El economista peruano Hernando De Soto es conocido sobre todo por su libro El otro sendero: La revolución informal, obra que, publicada originalmente en 1986, introdujo una visión de la informalidad económica radicalmente distinta a la establecida.

Como escribió Mario Vargas Llosa en su prólogo:

Cuando se habla de la economía informal se piensa inmediatamente en un problema. Esos empresarios y vendedores clandestinos cuyas industrias y negocios no están registrados, no pagan impuestos y no se rigen por las leyes, reglamentos y pactos vigentes, ¿no son, acaso, competidores desleales de las empresas y tiendas que operan en la legalidad, pagando puntualmente sus impuestos? ¿Al evadir sus obligaciones tributarias, no privan al Estado de recursos necesarios para atender a las necesidades sociales y realizar urgentes obras de infraestructura?

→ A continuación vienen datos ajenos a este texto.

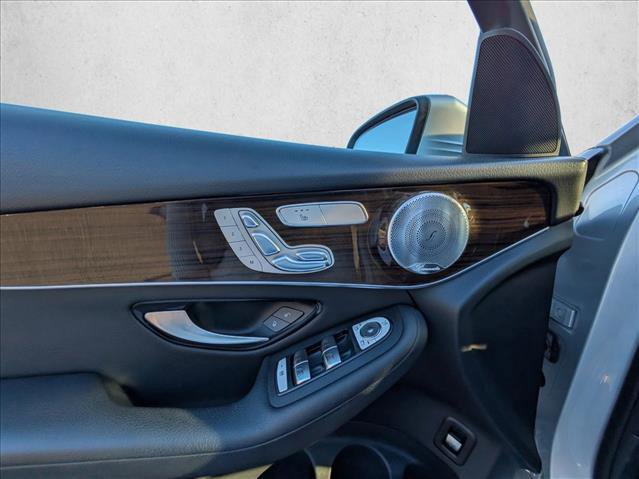 Used 2018 Mercedes-Benz GLC 300 4MATIC image 19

Hernando de Soto sostiene que esa forma de encarar el asunto es totalmente errónea. Porque en países como el Perú el problema no es la economía informal sino el Estado. Aquella es, más bien, una respuesta popular espontánea y creativa ante la incapacidad estatal para satisfacer las aspiraciones más elementales de los pobres.

Tal fue el impacto de El otro sendero tras su publicación que prácticamente todos los gobiernos de Latinoamérica- y muchos en otras regiones,- se vieron obligados a admitir, así fuera tácitamente, que ellos mismos son la causa principal de la informalidad económica, cuya más común expresión son las legiones de vendedores ambulantes que, para sobrevivir, se toman diariamente las plazas y calles, los autobuses, las estaciones de transporte público y hasta las playas de nuestras ciudades.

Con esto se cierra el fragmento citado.